The rworker
package establishes the interface for running asynchronous tasks sent by Celery. It works by listening for new task execution requests (TERs) comming from the message broker and giving it for the background worker processes to execute.
rworker
functionThis is the main function of the package. It basically creates a new instance of the Rworker
object, which is responsible for managing TERs comming from the message broker.
library(rworker)
url <- 'redis://localhost:6379'
rwork <- rworker(name='celery', queue=url, backend=url, workers=2)
The name
argument defines the name of the queue that we should listen for new TERs. By default, Celery queue name is ‘celery’. The queue
and the backend
arguments follow the provider://address:port
format and define the provider and the address of the message queue and the task results backend, respectivelly. The last argument workers
defines the number of background processes responsible for executing the incoming TERs.
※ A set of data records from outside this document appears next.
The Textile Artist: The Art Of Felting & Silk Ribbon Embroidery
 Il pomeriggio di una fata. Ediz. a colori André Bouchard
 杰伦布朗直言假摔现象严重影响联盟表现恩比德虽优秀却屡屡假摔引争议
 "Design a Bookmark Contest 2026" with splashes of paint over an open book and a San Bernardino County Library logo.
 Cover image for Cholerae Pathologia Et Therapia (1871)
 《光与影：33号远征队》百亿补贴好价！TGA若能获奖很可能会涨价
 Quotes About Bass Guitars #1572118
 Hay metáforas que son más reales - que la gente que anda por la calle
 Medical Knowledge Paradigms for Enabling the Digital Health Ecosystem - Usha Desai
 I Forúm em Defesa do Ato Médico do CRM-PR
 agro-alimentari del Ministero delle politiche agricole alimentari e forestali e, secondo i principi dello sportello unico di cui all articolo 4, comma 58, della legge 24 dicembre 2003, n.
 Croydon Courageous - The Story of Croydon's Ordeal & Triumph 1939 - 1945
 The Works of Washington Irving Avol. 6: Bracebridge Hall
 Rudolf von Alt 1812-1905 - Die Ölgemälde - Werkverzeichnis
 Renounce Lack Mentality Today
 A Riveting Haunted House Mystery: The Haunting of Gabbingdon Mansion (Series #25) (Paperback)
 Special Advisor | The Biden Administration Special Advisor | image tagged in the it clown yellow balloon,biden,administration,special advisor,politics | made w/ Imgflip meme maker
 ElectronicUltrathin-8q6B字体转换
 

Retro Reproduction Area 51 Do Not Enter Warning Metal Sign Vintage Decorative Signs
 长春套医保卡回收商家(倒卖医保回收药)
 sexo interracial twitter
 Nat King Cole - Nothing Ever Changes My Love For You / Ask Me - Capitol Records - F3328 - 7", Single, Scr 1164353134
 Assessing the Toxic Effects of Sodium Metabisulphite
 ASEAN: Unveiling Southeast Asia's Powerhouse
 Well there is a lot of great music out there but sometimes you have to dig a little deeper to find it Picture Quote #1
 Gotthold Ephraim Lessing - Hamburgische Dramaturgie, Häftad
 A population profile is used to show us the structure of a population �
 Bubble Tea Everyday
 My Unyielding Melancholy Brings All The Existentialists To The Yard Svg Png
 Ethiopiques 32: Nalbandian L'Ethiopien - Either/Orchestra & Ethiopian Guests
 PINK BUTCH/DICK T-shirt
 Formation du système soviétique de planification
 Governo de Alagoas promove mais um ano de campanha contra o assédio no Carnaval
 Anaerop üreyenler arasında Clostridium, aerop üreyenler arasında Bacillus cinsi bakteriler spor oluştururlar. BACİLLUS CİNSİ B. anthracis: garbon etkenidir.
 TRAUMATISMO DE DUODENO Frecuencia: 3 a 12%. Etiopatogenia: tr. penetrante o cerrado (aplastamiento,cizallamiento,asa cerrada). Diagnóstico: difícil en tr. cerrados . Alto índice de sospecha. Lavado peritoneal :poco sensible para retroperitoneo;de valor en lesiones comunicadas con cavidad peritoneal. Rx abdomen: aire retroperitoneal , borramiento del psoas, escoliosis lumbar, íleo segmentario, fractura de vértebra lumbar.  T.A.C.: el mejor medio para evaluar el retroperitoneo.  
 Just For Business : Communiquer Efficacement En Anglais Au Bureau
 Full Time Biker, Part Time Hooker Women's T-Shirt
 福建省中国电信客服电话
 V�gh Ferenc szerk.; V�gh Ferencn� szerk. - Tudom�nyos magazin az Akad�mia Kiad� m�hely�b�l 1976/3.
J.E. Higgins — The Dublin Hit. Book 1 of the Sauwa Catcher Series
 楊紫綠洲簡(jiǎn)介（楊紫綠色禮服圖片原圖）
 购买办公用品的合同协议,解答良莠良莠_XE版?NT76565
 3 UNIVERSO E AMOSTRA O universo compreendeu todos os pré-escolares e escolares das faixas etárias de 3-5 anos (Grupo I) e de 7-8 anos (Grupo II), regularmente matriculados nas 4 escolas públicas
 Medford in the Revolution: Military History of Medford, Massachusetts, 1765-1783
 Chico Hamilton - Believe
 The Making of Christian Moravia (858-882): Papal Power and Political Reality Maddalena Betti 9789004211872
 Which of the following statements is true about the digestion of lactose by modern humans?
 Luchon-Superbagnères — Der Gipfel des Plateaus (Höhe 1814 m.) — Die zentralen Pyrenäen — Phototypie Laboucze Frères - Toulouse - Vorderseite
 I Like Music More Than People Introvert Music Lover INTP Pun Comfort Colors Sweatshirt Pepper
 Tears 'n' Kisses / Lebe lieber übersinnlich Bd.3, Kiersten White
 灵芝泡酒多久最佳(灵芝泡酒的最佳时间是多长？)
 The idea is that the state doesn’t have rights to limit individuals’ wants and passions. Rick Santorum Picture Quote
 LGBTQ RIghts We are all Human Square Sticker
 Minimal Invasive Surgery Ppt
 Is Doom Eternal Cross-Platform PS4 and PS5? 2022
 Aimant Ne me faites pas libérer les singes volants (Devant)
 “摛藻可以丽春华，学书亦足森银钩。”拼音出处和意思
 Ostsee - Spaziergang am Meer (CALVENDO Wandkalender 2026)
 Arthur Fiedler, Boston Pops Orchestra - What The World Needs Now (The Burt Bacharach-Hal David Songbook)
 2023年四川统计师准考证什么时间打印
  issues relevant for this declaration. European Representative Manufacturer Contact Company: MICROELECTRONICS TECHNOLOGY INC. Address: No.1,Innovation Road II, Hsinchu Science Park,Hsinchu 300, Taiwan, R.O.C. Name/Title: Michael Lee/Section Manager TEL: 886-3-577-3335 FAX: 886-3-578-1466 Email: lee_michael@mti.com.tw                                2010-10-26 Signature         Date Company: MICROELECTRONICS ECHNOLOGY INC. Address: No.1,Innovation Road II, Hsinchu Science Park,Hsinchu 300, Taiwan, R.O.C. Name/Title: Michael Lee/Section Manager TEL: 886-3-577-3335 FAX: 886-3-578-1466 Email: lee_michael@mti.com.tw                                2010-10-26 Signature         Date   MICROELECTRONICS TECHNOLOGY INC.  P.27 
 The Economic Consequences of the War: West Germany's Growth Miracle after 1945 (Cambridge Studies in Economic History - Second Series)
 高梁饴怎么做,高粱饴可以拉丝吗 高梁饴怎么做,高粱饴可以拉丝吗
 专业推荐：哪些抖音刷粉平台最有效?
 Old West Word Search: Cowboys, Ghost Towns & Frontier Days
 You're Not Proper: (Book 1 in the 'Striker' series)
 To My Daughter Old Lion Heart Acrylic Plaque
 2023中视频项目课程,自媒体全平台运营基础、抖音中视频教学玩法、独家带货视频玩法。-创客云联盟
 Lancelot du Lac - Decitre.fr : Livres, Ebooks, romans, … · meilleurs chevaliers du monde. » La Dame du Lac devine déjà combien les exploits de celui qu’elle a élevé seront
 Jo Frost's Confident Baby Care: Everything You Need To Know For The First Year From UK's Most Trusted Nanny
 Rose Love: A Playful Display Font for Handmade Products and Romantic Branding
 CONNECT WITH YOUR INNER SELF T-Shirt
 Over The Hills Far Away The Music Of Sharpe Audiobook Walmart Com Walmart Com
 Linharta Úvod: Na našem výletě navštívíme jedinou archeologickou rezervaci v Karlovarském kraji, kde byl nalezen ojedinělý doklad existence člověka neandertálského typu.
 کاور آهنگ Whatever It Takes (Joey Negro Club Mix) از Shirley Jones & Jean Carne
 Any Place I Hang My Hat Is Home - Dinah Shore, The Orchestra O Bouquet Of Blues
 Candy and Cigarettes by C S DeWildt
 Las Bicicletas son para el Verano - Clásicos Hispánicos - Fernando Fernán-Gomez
Before start receiving TERs, your have to define your tasks. These tasks are simply the functions you want to execute remotelly.
All tasks that you may want to execute from Celery need to be registered in the Rworker
instance.
library(magrittr)
(function(){
# Simulating long running function
Sys.sleep(10)
}) %>% rwork$task(name='long_running_task')
(function(){
# Another dummy function
print('Hello world')
}) %>% rwork$task(name='hello_world')
The name
argument must be unique, since it’s used to identify the correct task to be executed.
Sometimes is nice to now in which point of execution your task currently is. You can do this using the task_progress
function.
(function(){
Sys.sleep(5)
task_progress(50) # 50% progress
Sys.sleep(5)
task_progress(100) # 100% progress
}) %>% rwork$task(name='task_with_progress')
On the Celery side, the progress information is stored inside the .result['progress']
attribute of the AsyncResult
object.
Now that the desired tasks were alredy registered, we just need to listen for new task execution requests
rwork$consume()
Now, every time you send new tasks from Python using Celery the rwork$consume()
method will receive it and execute in background.
Now let’s review the whole ideia. We have three players on the game: Celery (Python), rworker (R) and the message broker (Redis, in this case).
library(rworker)
library(magrittr)
url <- 'redis://localhost:6379'
rwork <- rworker(name='celery', queue=url, backend=url, workers=2)
(function(){
# Simulating long running function
Sys.sleep(10)
}) %>% rwork$task(name='long_running_task')
(function(){
# Another dummy function
print('Hello world')
}) %>% rwork$task(name='hello_world')
(function(){
Sys.sleep(5)
task_progress(50) # 50% progress
Sys.sleep(5)
task_progress(100) # 100% progress
}) %>% rwork$task(name='task_with_progress')
rwork$consume()
from celery import Celery
url = 'redis://localhost:6379/0'
worker = Celery('app', broker=url, backend=url)
async_result = worker.send_task('task_with_progress')
# Check task progress
async_result.info['progress']
# Check task state
async_result.state